*** Opening of Stored data ***

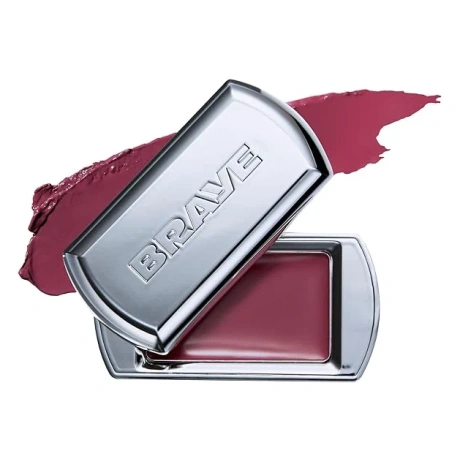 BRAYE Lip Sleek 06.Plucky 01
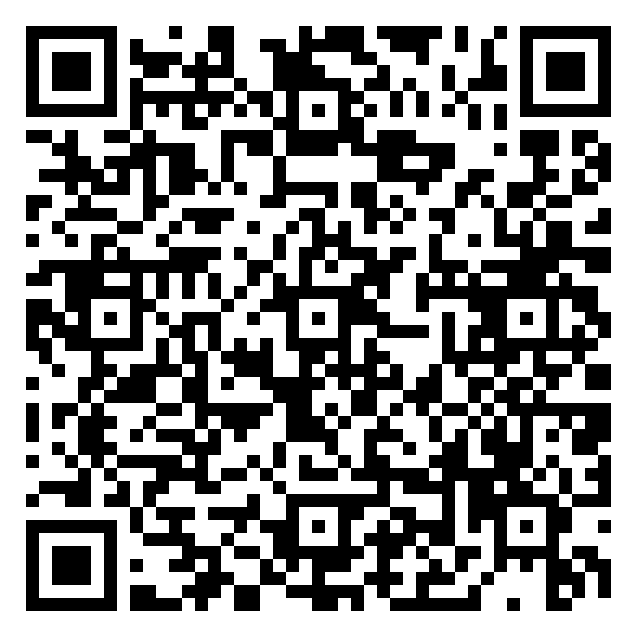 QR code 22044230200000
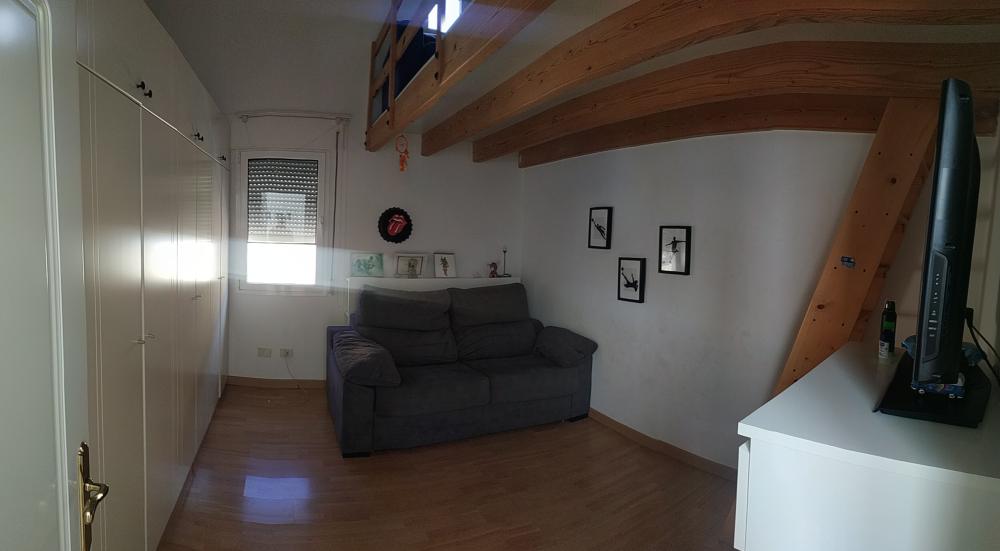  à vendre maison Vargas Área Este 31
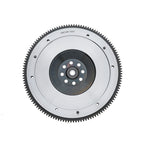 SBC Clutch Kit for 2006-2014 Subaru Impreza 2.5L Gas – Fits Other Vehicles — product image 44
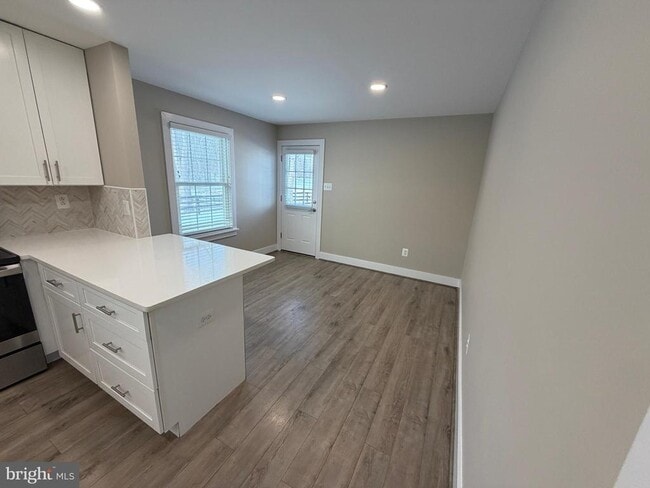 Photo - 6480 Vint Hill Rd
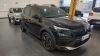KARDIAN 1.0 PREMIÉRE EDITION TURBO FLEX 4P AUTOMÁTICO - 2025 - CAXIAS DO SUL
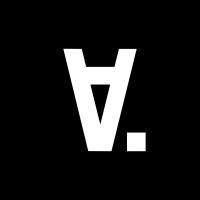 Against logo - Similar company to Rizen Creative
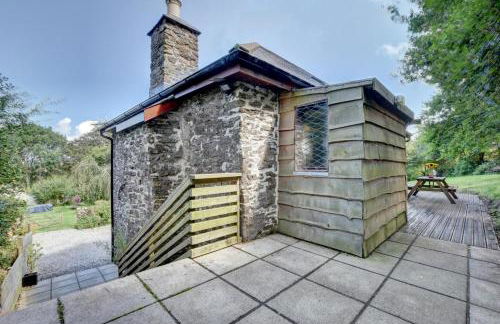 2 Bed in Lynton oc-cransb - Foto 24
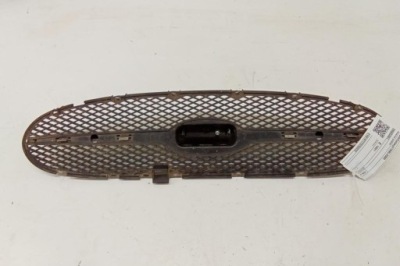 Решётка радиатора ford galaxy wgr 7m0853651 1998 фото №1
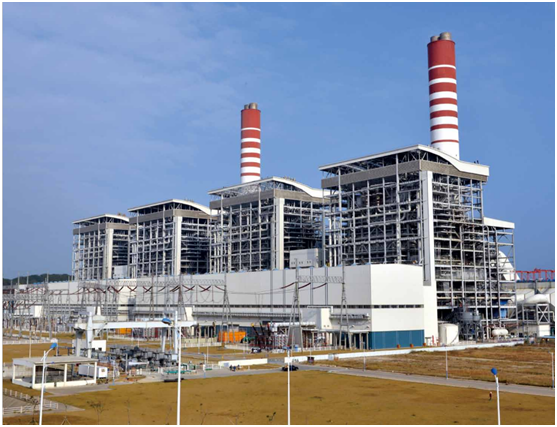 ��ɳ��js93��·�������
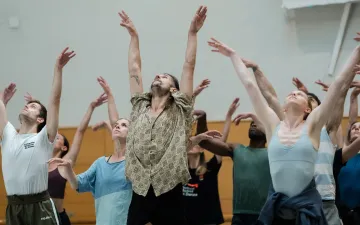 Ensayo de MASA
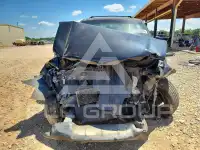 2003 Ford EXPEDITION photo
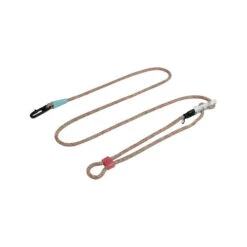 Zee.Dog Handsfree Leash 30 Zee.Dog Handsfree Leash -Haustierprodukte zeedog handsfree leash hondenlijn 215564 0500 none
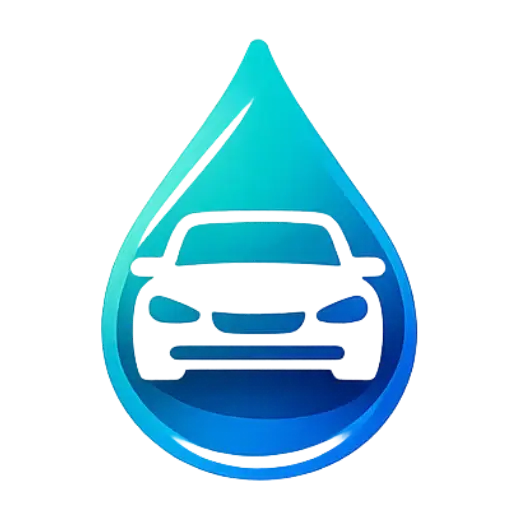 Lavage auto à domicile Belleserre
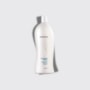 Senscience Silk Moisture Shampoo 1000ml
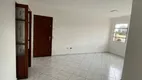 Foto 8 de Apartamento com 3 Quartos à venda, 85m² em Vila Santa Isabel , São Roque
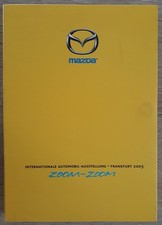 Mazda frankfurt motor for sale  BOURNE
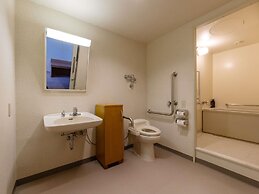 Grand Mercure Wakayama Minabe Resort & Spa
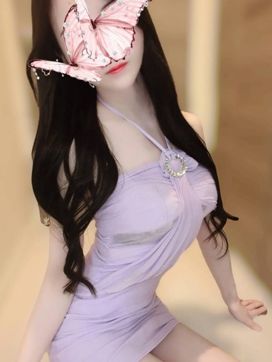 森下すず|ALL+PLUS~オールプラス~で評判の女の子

*** Close of Stored data ***
*** Opening of Stored data ***

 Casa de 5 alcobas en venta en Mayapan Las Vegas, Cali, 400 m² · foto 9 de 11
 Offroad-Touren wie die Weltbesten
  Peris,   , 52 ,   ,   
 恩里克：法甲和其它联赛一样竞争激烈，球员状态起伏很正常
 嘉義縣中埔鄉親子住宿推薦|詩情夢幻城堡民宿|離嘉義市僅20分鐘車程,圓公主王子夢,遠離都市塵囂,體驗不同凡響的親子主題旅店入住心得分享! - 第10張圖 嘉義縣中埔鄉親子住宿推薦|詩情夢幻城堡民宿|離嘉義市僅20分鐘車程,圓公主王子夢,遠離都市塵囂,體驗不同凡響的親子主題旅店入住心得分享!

*** Close of Stored data ***
*** Opening of Stored data ***

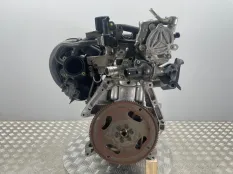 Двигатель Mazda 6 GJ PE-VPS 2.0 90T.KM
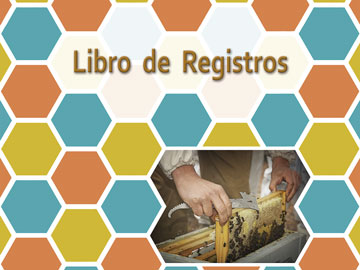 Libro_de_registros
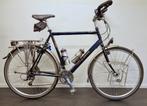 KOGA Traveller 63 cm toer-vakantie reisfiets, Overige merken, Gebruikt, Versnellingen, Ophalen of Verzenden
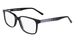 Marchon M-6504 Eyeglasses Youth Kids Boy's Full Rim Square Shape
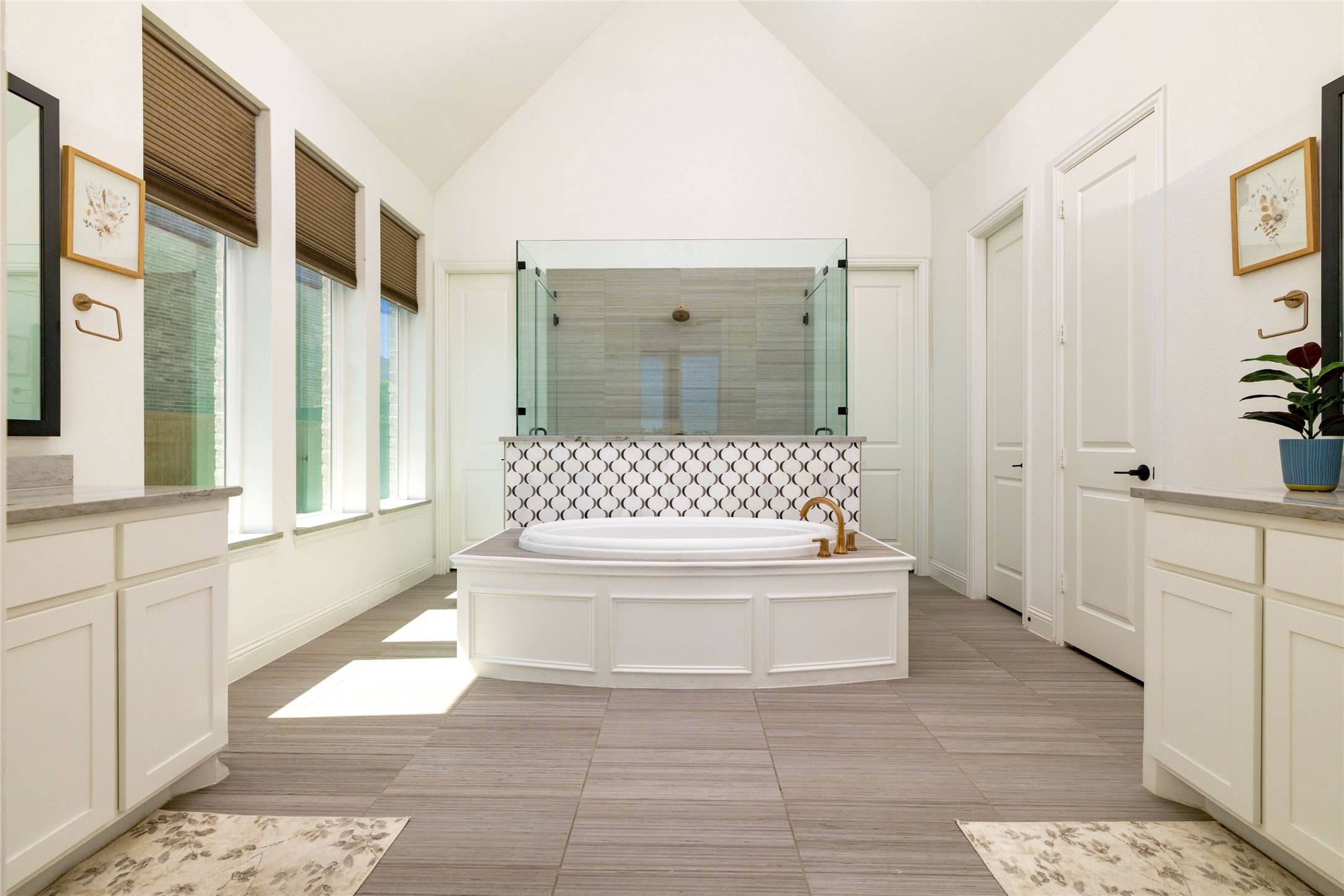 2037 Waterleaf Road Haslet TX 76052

*** Close of Stored data ***

What the exercise asks: Working from the data above, repeat exactly, and only, the lines that begin at the line containing "Grand Mercure Wakayama Minabe Resort & Spa" and stop after the line containing "森下すず|ALL+PLUS~オールプラス~で評判の女の子"; pictures are not copied.

Task solution:
 Grand Mercure Wakayama Minabe Resort & Spa
 森下すず|ALL+PLUS~オールプラス~で評判の女の子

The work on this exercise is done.